What you are asked to do –
An exact copy is required of the lines running from the one that contains "Y10A Antibody" to the end of the material, both ends included, with pictures omitted.

Supplied material –
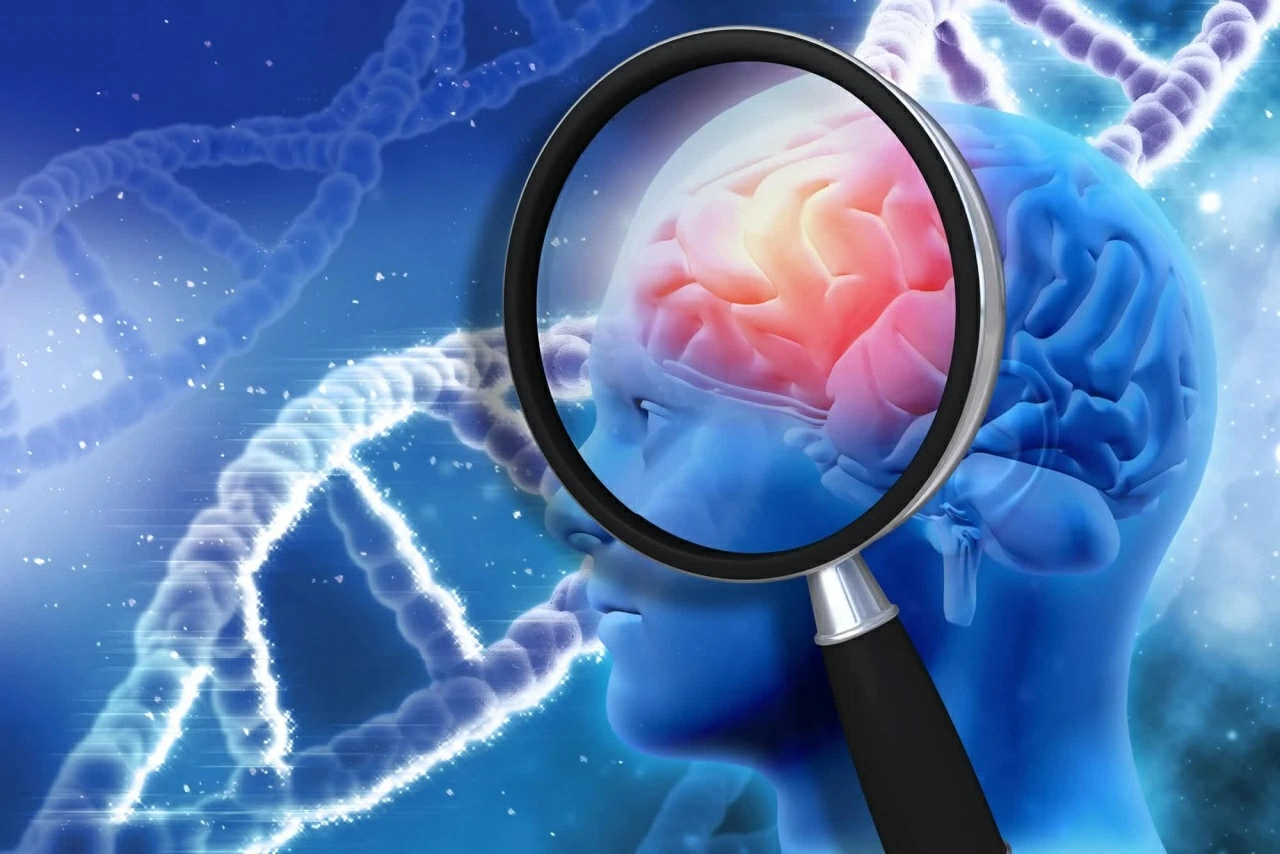 11P43: Phát hiện gene giúp bảo vệ trí nhớ 11P43: Phát hiện gene giúp bảo vệ trí nhớ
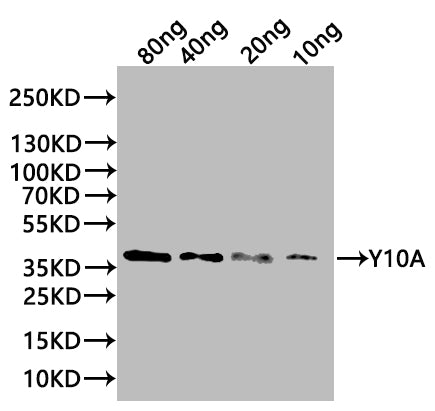 Y10A Antibody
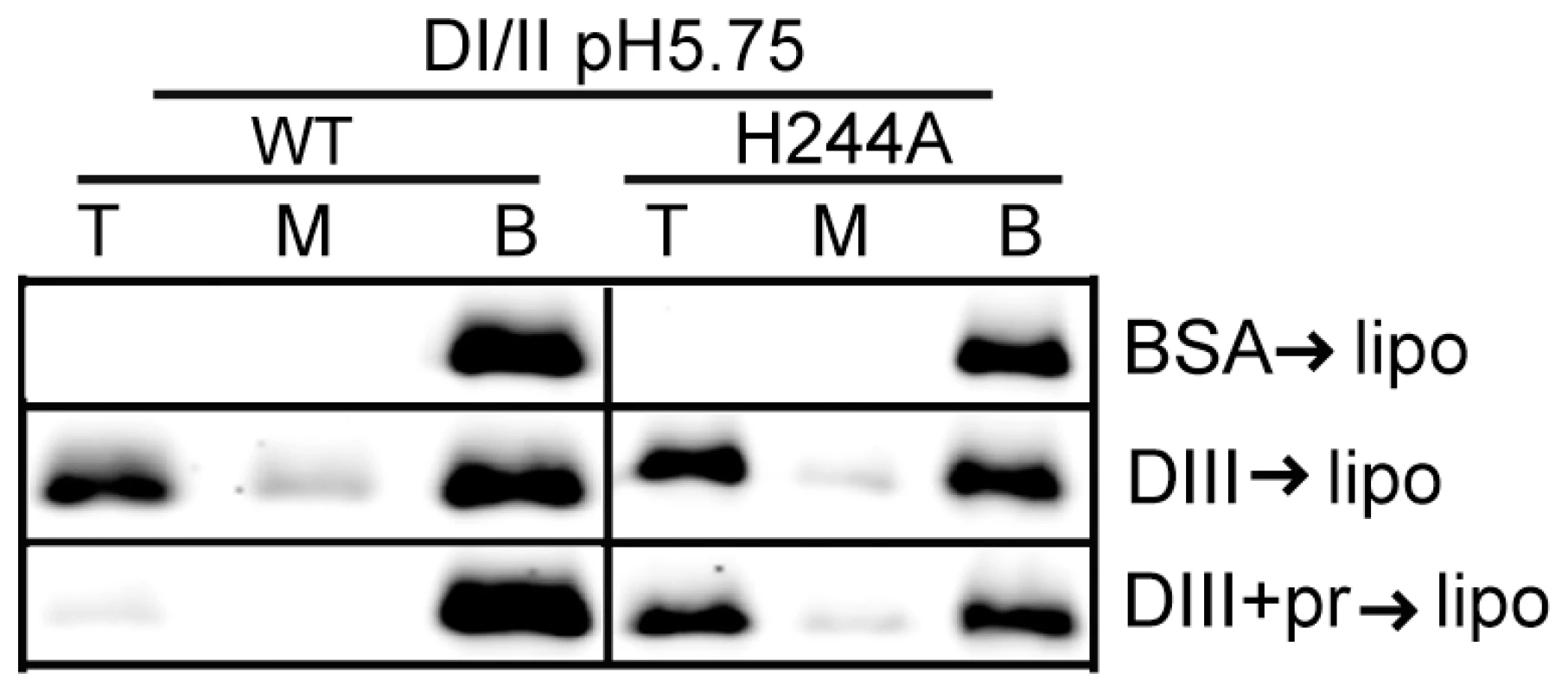 H244A E protein interacts with membranes and is resistant to inhibition by pr.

Finished exercise –
 Y10A Antibody
 H244A E protein interacts with membranes and is resistant to inhibition by pr.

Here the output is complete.